- Opening Delimiter -

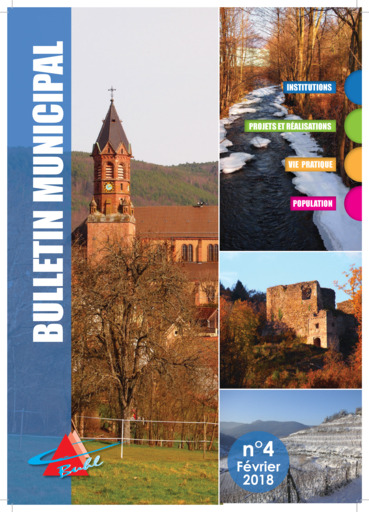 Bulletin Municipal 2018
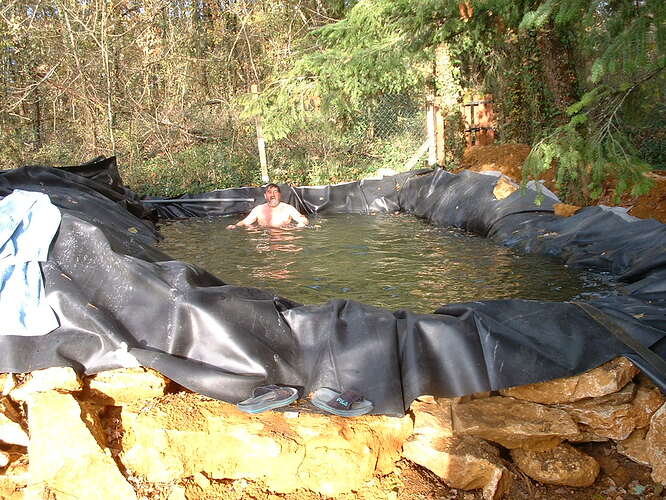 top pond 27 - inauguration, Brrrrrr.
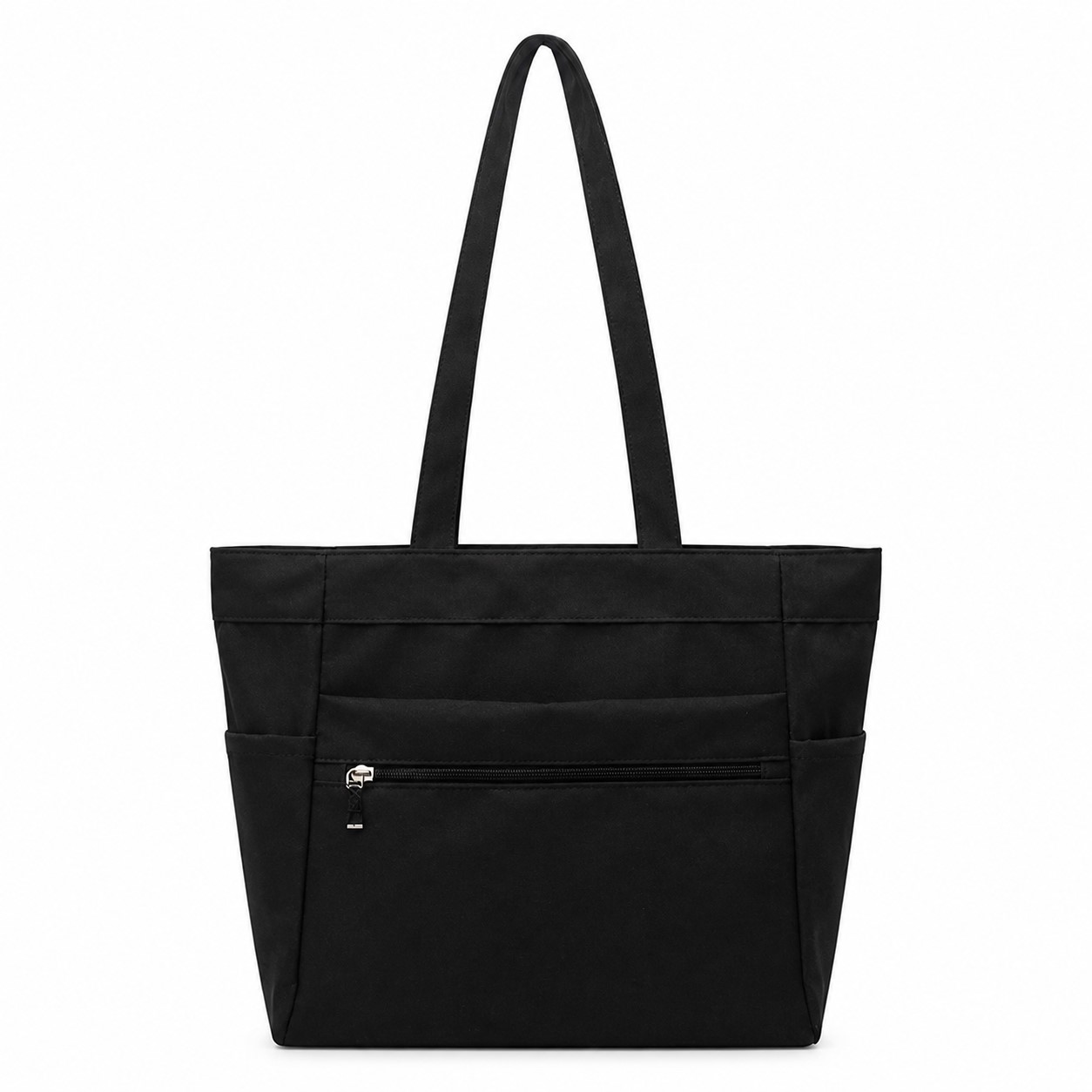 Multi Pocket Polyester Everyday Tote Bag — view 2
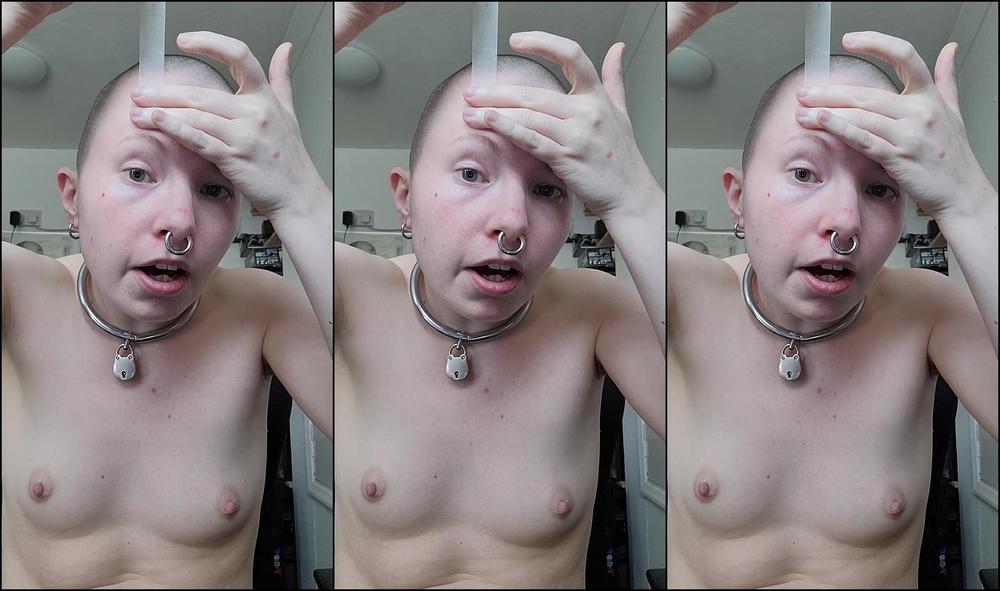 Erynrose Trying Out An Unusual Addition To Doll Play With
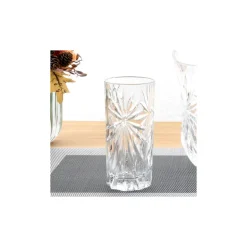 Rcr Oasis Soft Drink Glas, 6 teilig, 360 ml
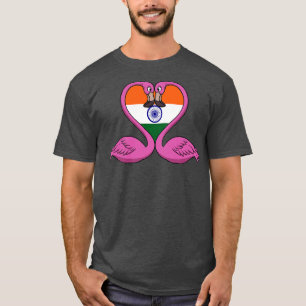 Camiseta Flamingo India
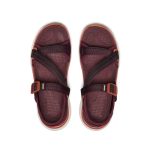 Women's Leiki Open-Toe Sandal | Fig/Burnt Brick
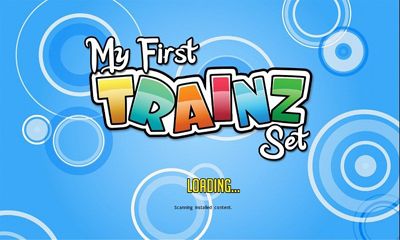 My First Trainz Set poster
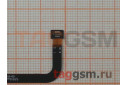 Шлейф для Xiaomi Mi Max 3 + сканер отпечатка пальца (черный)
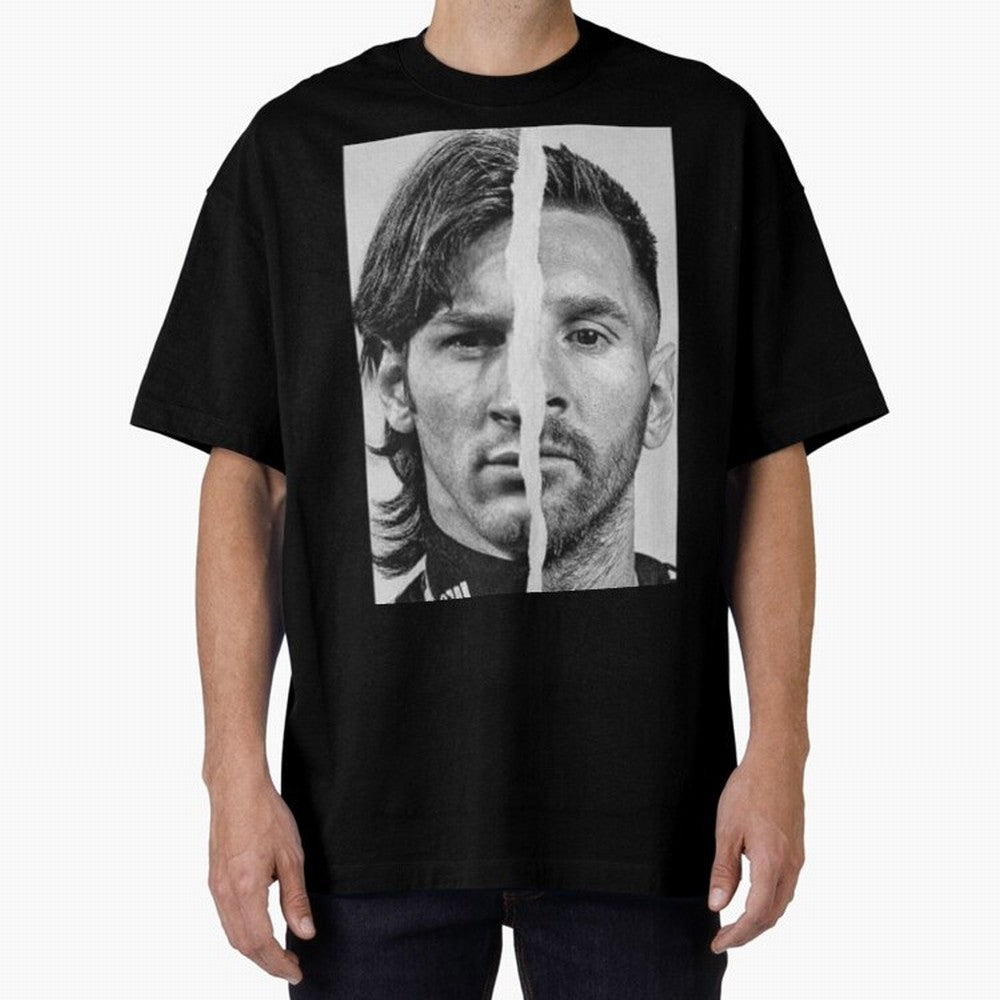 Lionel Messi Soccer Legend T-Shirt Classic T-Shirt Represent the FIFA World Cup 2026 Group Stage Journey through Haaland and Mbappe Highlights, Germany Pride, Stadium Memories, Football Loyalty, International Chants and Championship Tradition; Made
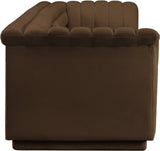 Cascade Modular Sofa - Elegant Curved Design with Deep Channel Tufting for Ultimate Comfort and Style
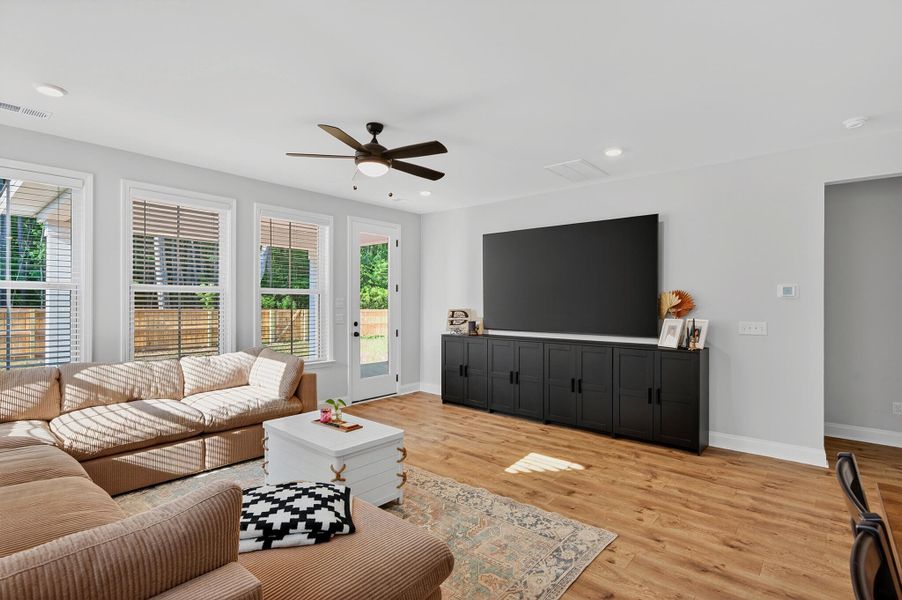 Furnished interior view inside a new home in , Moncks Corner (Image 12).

- Closing Delimiter -

### Assignment
Output exactly the lines above, beginning at the one with "Multi Pocket Polyester" and stopping after the one with "Women's Leiki Open-Toe". Pictures are to be omitted.

### Answer to this task
 Multi Pocket Polyester Everyday Tote Bag — view 2
 Erynrose Trying Out An Unusual Addition To Doll Play With
 Rcr Oasis Soft Drink Glas, 6 teilig, 360 ml
 Camiseta Flamingo India
 Women's Leiki Open-Toe Sandal | Fig/Burnt Brick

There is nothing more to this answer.